- [Supplied data]
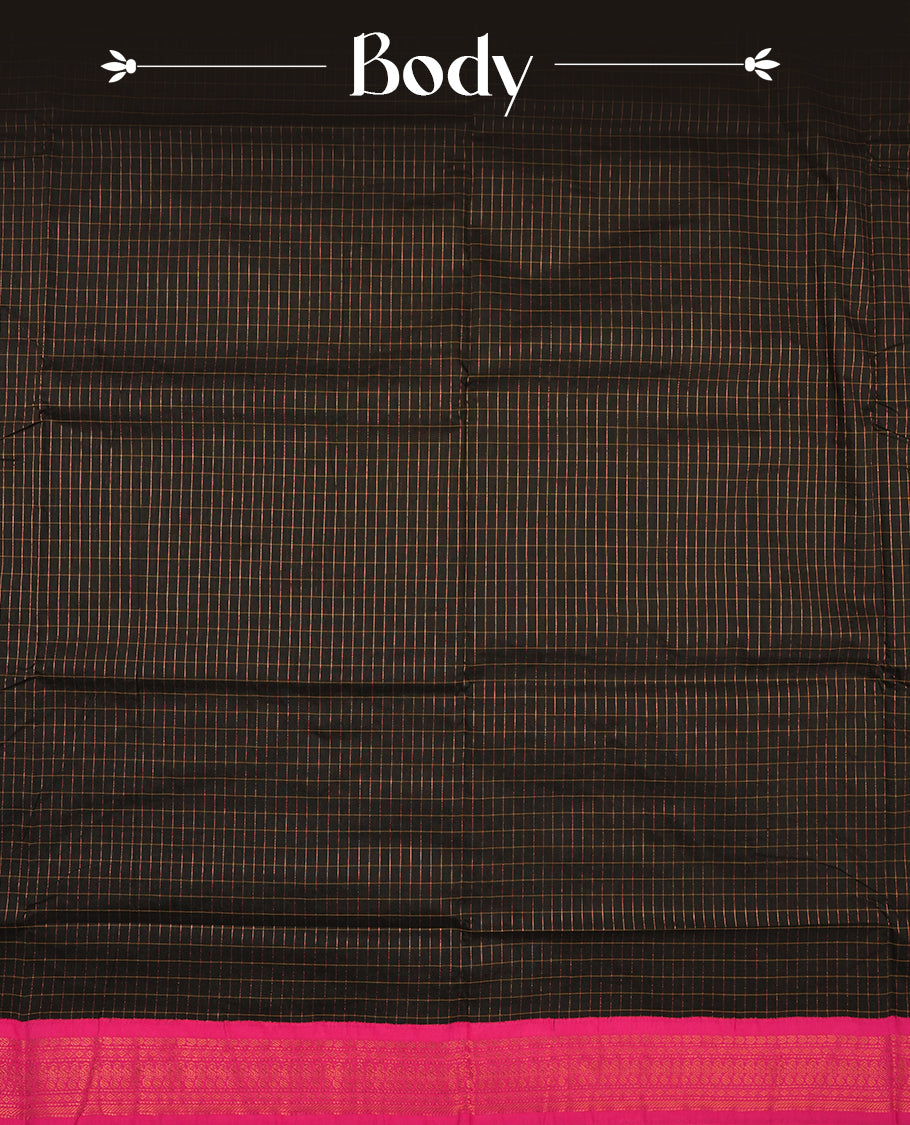 Black coloured mixed Kalyani cotton saree featuring copper zari checks on the body, complemented by a dark magenta coloured border and pallu adorned with copper zari patterns, Paired with a matching blouse.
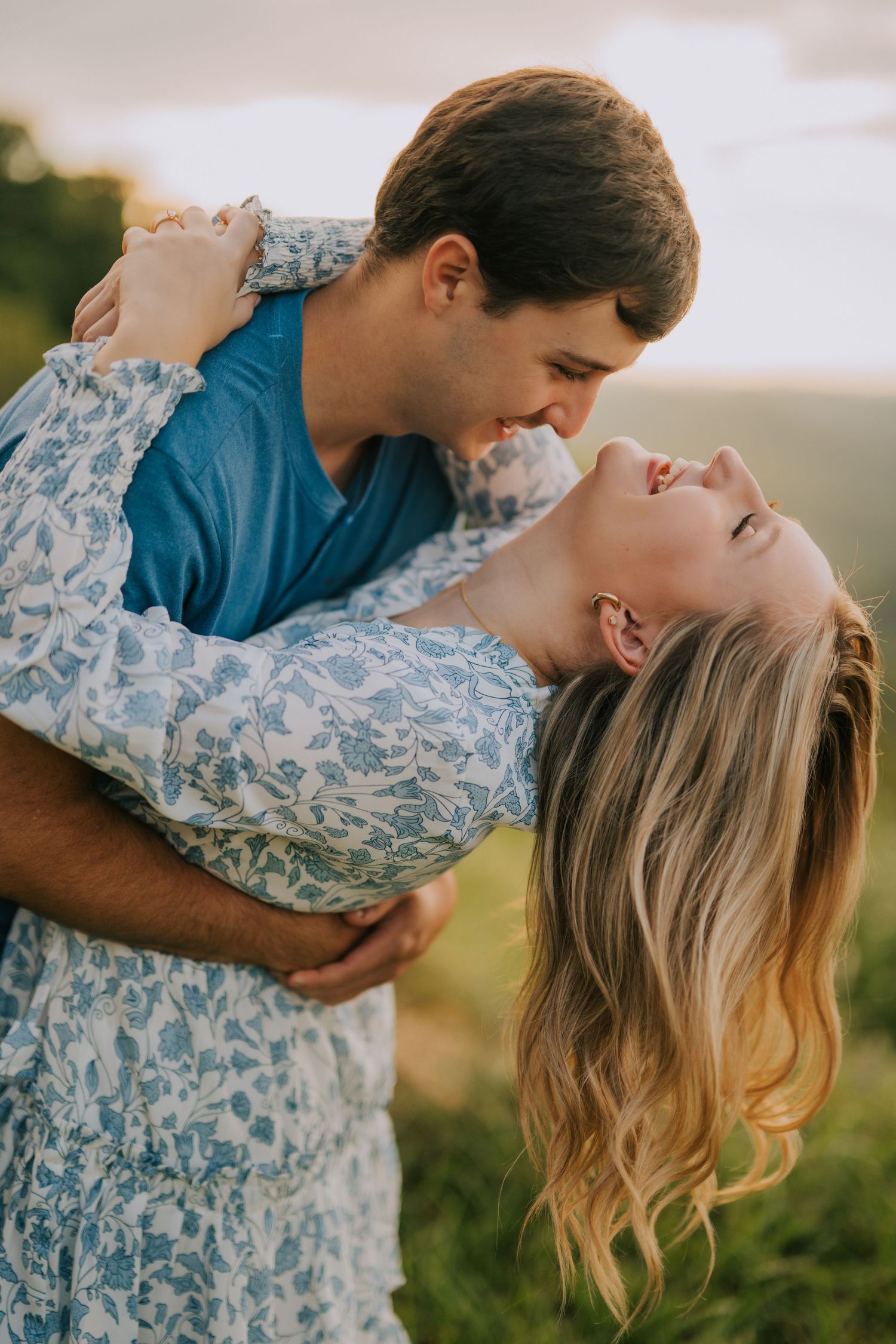Romantic outdoor photoshoot in a meadow with soft golden hour lighting.
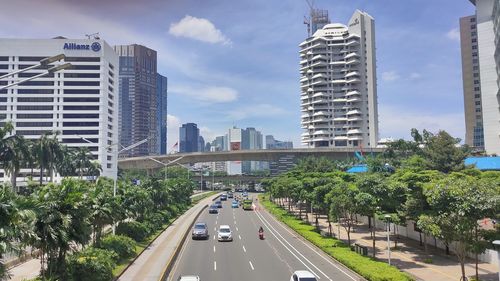 View of city street and buildings against sky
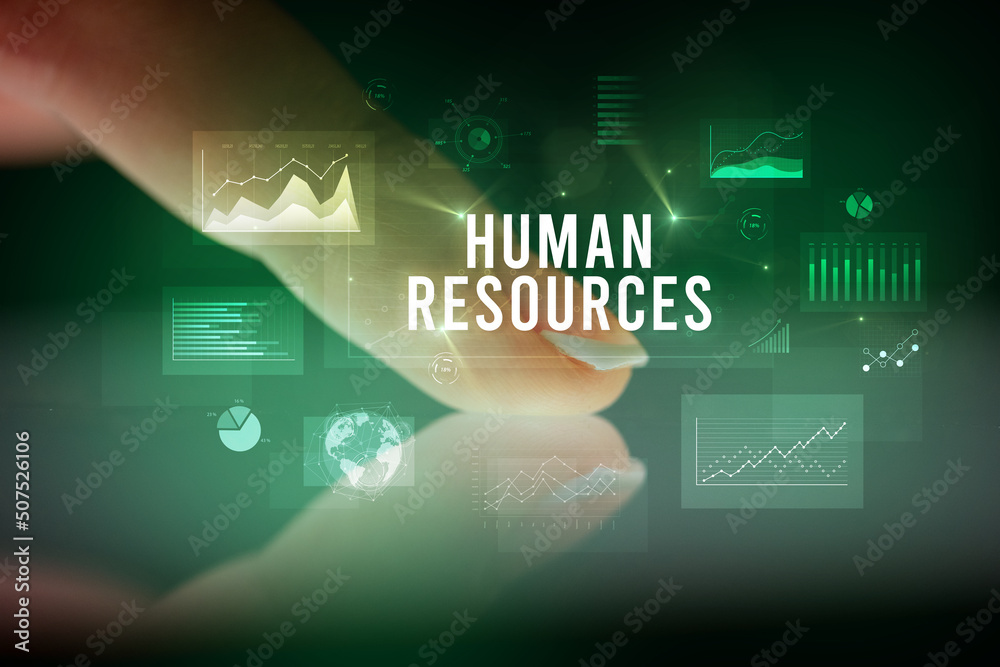 Finger touching tablet with business graphs and icons concept Finger touching tablet with business graphs and icons concept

- [Required action] The whole listing should be restated word for word, with no pictures.

- [Solution to this problem]
 Black coloured mixed Kalyani cotton saree featuring copper zari checks on the body, complemented by a dark magenta coloured border and pallu adorned with copper zari patterns, Paired with a matching blouse.
Romantic outdoor photoshoot in a meadow with soft golden hour lighting.
 View of city street and buildings against sky
 Finger touching tablet with business graphs and icons concept Finger touching tablet with business graphs and icons concept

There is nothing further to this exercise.